▸ **Activity**: Transcribe each record exactly. Include every one.

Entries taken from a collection
###
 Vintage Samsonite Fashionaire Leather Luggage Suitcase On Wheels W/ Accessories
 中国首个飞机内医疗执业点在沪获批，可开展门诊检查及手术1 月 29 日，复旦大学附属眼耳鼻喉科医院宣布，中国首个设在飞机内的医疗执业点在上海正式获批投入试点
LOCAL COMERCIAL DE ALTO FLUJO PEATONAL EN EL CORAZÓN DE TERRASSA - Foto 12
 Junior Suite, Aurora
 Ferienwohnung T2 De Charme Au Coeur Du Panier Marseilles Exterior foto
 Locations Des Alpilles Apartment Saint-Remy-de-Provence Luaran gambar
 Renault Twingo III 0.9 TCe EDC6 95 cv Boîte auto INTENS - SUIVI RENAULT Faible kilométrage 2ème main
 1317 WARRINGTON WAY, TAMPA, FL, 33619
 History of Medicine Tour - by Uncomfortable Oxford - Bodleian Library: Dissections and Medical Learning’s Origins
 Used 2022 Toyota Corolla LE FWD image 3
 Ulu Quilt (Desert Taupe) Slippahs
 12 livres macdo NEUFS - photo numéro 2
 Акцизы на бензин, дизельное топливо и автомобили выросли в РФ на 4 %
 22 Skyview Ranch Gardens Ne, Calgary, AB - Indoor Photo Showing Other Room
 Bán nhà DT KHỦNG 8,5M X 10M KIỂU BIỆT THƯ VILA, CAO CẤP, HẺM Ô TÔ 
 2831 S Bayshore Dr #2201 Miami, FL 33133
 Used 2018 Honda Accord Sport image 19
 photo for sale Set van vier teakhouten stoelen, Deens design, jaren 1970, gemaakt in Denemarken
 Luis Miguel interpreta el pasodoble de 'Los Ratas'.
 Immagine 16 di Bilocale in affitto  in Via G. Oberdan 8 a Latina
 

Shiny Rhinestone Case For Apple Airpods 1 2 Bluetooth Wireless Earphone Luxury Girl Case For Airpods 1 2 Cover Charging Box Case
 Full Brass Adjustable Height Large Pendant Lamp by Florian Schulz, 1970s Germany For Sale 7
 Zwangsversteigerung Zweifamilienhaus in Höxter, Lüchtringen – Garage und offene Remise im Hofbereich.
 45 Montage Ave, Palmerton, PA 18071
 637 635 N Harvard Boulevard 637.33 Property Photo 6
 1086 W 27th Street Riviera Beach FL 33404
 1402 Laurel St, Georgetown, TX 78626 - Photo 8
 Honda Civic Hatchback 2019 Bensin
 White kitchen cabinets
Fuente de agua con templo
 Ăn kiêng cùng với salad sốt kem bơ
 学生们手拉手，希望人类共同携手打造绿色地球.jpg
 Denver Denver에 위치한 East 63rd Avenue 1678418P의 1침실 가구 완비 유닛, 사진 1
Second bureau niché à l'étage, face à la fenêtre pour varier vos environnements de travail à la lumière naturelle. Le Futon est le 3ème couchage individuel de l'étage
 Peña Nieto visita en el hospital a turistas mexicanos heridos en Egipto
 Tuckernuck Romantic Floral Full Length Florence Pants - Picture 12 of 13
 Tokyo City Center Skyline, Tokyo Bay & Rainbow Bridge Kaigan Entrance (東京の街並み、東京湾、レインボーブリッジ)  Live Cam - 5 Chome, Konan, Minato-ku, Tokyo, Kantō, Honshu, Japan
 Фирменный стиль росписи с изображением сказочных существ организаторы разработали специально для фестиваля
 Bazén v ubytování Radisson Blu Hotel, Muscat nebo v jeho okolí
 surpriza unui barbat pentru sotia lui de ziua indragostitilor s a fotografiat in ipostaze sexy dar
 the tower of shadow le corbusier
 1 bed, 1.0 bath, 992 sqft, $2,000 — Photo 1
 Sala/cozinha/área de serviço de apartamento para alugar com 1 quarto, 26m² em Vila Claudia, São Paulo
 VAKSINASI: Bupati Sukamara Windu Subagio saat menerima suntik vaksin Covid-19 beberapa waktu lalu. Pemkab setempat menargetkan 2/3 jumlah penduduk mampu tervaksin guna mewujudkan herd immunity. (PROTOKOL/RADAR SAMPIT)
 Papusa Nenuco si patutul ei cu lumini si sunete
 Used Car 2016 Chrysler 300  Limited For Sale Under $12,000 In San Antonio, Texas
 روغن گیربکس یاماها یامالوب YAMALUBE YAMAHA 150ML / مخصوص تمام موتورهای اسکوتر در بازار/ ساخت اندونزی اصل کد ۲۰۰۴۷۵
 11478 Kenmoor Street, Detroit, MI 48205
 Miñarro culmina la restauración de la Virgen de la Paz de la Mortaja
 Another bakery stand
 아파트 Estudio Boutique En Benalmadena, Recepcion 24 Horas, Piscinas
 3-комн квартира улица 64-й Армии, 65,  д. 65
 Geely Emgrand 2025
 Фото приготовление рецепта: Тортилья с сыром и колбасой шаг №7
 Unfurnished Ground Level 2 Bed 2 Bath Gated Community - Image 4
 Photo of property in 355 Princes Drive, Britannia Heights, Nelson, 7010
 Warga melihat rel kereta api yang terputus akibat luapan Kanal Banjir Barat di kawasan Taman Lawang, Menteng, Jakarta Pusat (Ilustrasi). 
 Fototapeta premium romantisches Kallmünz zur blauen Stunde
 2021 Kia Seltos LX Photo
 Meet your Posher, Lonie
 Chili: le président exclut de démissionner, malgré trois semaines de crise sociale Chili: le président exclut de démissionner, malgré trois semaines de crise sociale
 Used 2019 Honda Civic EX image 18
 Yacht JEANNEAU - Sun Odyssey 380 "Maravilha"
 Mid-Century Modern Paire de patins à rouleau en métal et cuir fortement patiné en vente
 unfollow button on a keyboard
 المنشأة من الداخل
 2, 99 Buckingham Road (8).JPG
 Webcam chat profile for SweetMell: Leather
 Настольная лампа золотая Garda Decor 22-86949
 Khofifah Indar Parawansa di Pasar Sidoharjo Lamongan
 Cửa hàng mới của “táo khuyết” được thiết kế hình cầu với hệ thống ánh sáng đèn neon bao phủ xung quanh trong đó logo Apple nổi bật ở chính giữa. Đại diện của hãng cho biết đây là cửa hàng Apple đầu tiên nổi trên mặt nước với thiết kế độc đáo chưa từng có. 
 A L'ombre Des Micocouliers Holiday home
###
▸ **Answer area**:
 Vintage Samsonite Fashionaire Leather Luggage Suitcase On Wheels W/ Accessories
 中国首个飞机内医疗执业点在沪获批，可开展门诊检查及手术1 月 29 日，复旦大学附属眼耳鼻喉科医院宣布，中国首个设在飞机内的医疗执业点在上海正式获批投入试点
LOCAL COMERCIAL DE ALTO FLUJO PEATONAL EN EL CORAZÓN DE TERRASSA - Foto 12
 Junior Suite, Aurora
 Ferienwohnung T2 De Charme Au Coeur Du Panier Marseilles Exterior foto
 Locations Des Alpilles Apartment Saint-Remy-de-Provence Luaran gambar
 Renault Twingo III 0.9 TCe EDC6 95 cv Boîte auto INTENS - SUIVI RENAULT Faible kilométrage 2ème main
 1317 WARRINGTON WAY, TAMPA, FL, 33619
 History of Medicine Tour - by Uncomfortable Oxford - Bodleian Library: Dissections and Medical Learning’s Origins
 Used 2022 Toyota Corolla LE FWD image 3
 Ulu Quilt (Desert Taupe) Slippahs
 12 livres macdo NEUFS - photo numéro 2
 Акцизы на бензин, дизельное топливо и автомобили выросли в РФ на 4 %
 22 Skyview Ranch Gardens Ne, Calgary, AB - Indoor Photo Showing Other Room
 Bán nhà DT KHỦNG 8,5M X 10M KIỂU BIỆT THƯ VILA, CAO CẤP, HẺM Ô TÔ 
 2831 S Bayshore Dr #2201 Miami, FL 33133
 Used 2018 Honda Accord Sport image 19
 photo for sale Set van vier teakhouten stoelen, Deens design, jaren 1970, gemaakt in Denemarken
 Luis Miguel interpreta el pasodoble de 'Los Ratas'.
 Immagine 16 di Bilocale in affitto  in Via G. Oberdan 8 a Latina
 

Shiny Rhinestone Case For Apple Airpods 1 2 Bluetooth Wireless Earphone Luxury Girl Case For Airpods 1 2 Cover Charging Box Case
 Full Brass Adjustable Height Large Pendant Lamp by Florian Schulz, 1970s Germany For Sale 7
 Zwangsversteigerung Zweifamilienhaus in Höxter, Lüchtringen – Garage und offene Remise im Hofbereich.
 45 Montage Ave, Palmerton, PA 18071
 637 635 N Harvard Boulevard 637.33 Property Photo 6
 1086 W 27th Street Riviera Beach FL 33404
 1402 Laurel St, Georgetown, TX 78626 - Photo 8
 Honda Civic Hatchback 2019 Bensin
 White kitchen cabinets
Fuente de agua con templo
 Ăn kiêng cùng với salad sốt kem bơ
 学生们手拉手，希望人类共同携手打造绿色地球.jpg
 Denver Denver에 위치한 East 63rd Avenue 1678418P의 1침실 가구 완비 유닛, 사진 1
Second bureau niché à l'étage, face à la fenêtre pour varier vos environnements de travail à la lumière naturelle. Le Futon est le 3ème couchage individuel de l'étage
 Peña Nieto visita en el hospital a turistas mexicanos heridos en Egipto
 Tuckernuck Romantic Floral Full Length Florence Pants - Picture 12 of 13
 Tokyo City Center Skyline, Tokyo Bay & Rainbow Bridge Kaigan Entrance (東京の街並み、東京湾、レインボーブリッジ)  Live Cam - 5 Chome, Konan, Minato-ku, Tokyo, Kantō, Honshu, Japan
 Фирменный стиль росписи с изображением сказочных существ организаторы разработали специально для фестиваля
 Bazén v ubytování Radisson Blu Hotel, Muscat nebo v jeho okolí
 surpriza unui barbat pentru sotia lui de ziua indragostitilor s a fotografiat in ipostaze sexy dar
 the tower of shadow le corbusier
 1 bed, 1.0 bath, 992 sqft, $2,000 — Photo 1
 Sala/cozinha/área de serviço de apartamento para alugar com 1 quarto, 26m² em Vila Claudia, São Paulo
 VAKSINASI: Bupati Sukamara Windu Subagio saat menerima suntik vaksin Covid-19 beberapa waktu lalu. Pemkab setempat menargetkan 2/3 jumlah penduduk mampu tervaksin guna mewujudkan herd immunity. (PROTOKOL/RADAR SAMPIT)
 Papusa Nenuco si patutul ei cu lumini si sunete
 Used Car 2016 Chrysler 300  Limited For Sale Under $12,000 In San Antonio, Texas
 روغن گیربکس یاماها یامالوب YAMALUBE YAMAHA 150ML / مخصوص تمام موتورهای اسکوتر در بازار/ ساخت اندونزی اصل کد ۲۰۰۴۷۵
 11478 Kenmoor Street, Detroit, MI 48205
 Miñarro culmina la restauración de la Virgen de la Paz de la Mortaja
 Another bakery stand
 아파트 Estudio Boutique En Benalmadena, Recepcion 24 Horas, Piscinas
 3-комн квартира улица 64-й Армии, 65,  д. 65
 Geely Emgrand 2025
 Фото приготовление рецепта: Тортилья с сыром и колбасой шаг №7
 Unfurnished Ground Level 2 Bed 2 Bath Gated Community - Image 4
 Photo of property in 355 Princes Drive, Britannia Heights, Nelson, 7010
 Warga melihat rel kereta api yang terputus akibat luapan Kanal Banjir Barat di kawasan Taman Lawang, Menteng, Jakarta Pusat (Ilustrasi). 
 Fototapeta premium romantisches Kallmünz zur blauen Stunde
 2021 Kia Seltos LX Photo
 Meet your Posher, Lonie
 Chili: le président exclut de démissionner, malgré trois semaines de crise sociale Chili: le président exclut de démissionner, malgré trois semaines de crise sociale
 Used 2019 Honda Civic EX image 18
 Yacht JEANNEAU - Sun Odyssey 380 "Maravilha"
 Mid-Century Modern Paire de patins à rouleau en métal et cuir fortement patiné en vente
 unfollow button on a keyboard
 المنشأة من الداخل
 2, 99 Buckingham Road (8).JPG
 Webcam chat profile for SweetMell: Leather
 Настольная лампа золотая Garda Decor 22-86949
 Khofifah Indar Parawansa di Pasar Sidoharjo Lamongan
 Cửa hàng mới của “táo khuyết” được thiết kế hình cầu với hệ thống ánh sáng đèn neon bao phủ xung quanh trong đó logo Apple nổi bật ở chính giữa. Đại diện của hãng cho biết đây là cửa hàng Apple đầu tiên nổi trên mặt nước với thiết kế độc đáo chưa từng có. 
 A L'ombre Des Micocouliers Holiday home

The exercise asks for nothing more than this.